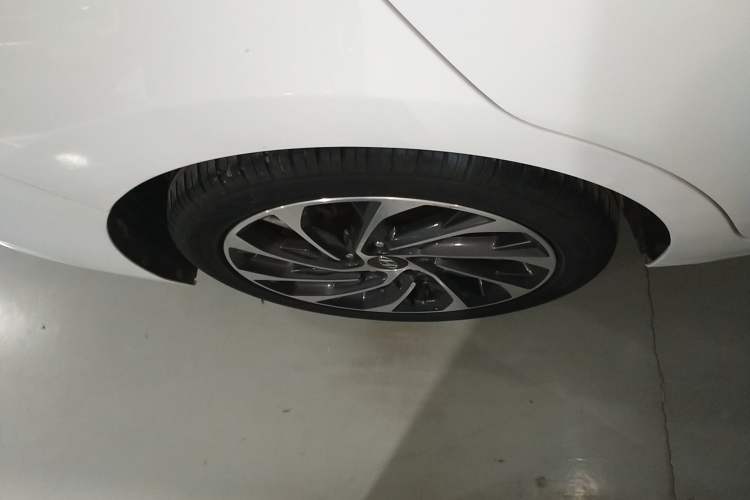 Used Hyundai Elantra 2019 1.4T Dual-Clutch Xuan Dong · Dynamic Model
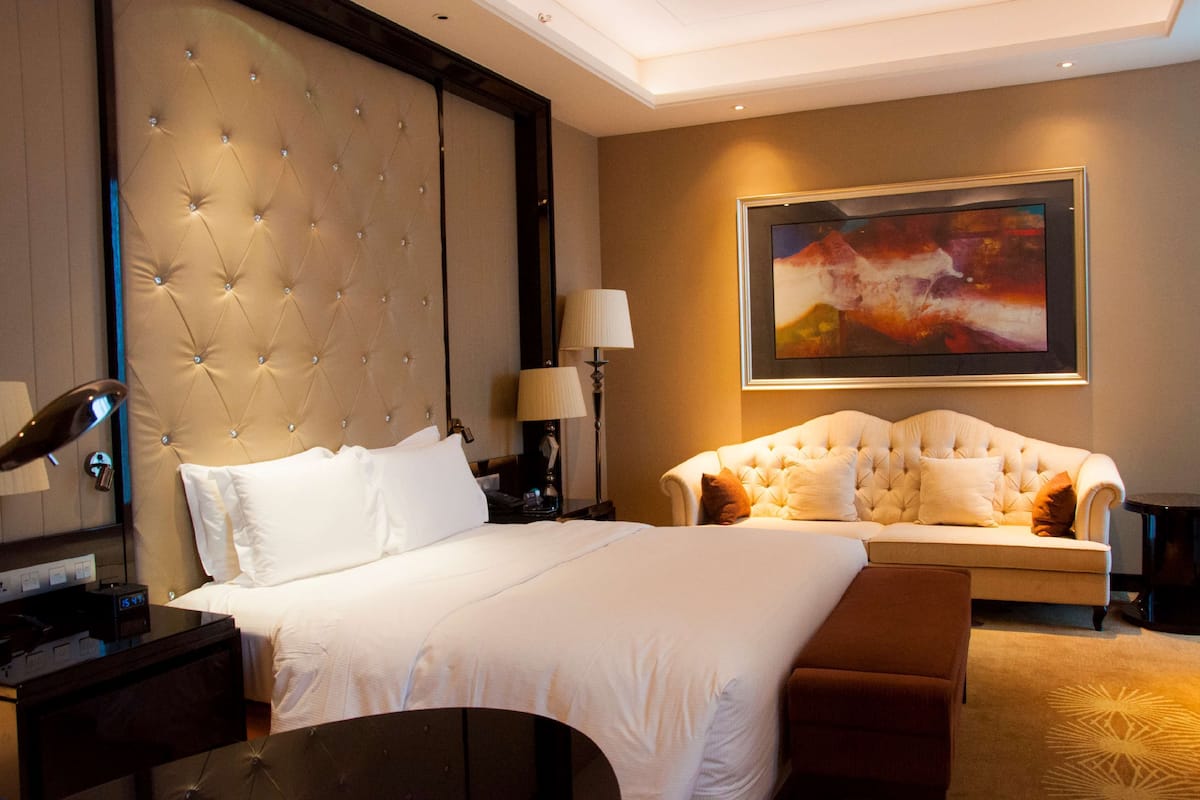 Junior Suite, 1 King Bed | Minibar, in-room safe, desk, soundproofing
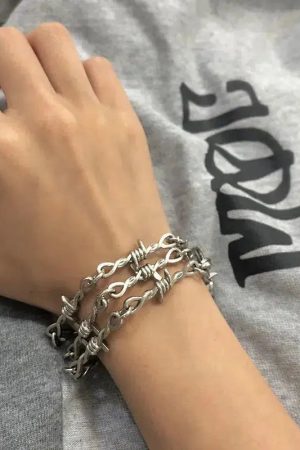 Quick Outfits, Modest Fashion Outfits Ideas Y2K Barbed Wire Necklace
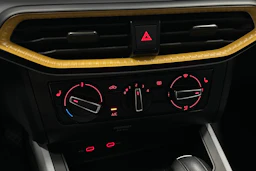 musta SEAT Arona 2024 kuva 27.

PROBLEM TO SOLVE.
Give every line of the data above again as it stands; the pictures stay out.

EXERCISE RESPONSE.
 Used Hyundai Elantra 2019 1.4T Dual-Clutch Xuan Dong · Dynamic Model
 Junior Suite, 1 King Bed | Minibar, in-room safe, desk, soundproofing
 Quick Outfits, Modest Fashion Outfits Ideas Y2K Barbed Wire Necklace
 musta SEAT Arona 2024 kuva 27.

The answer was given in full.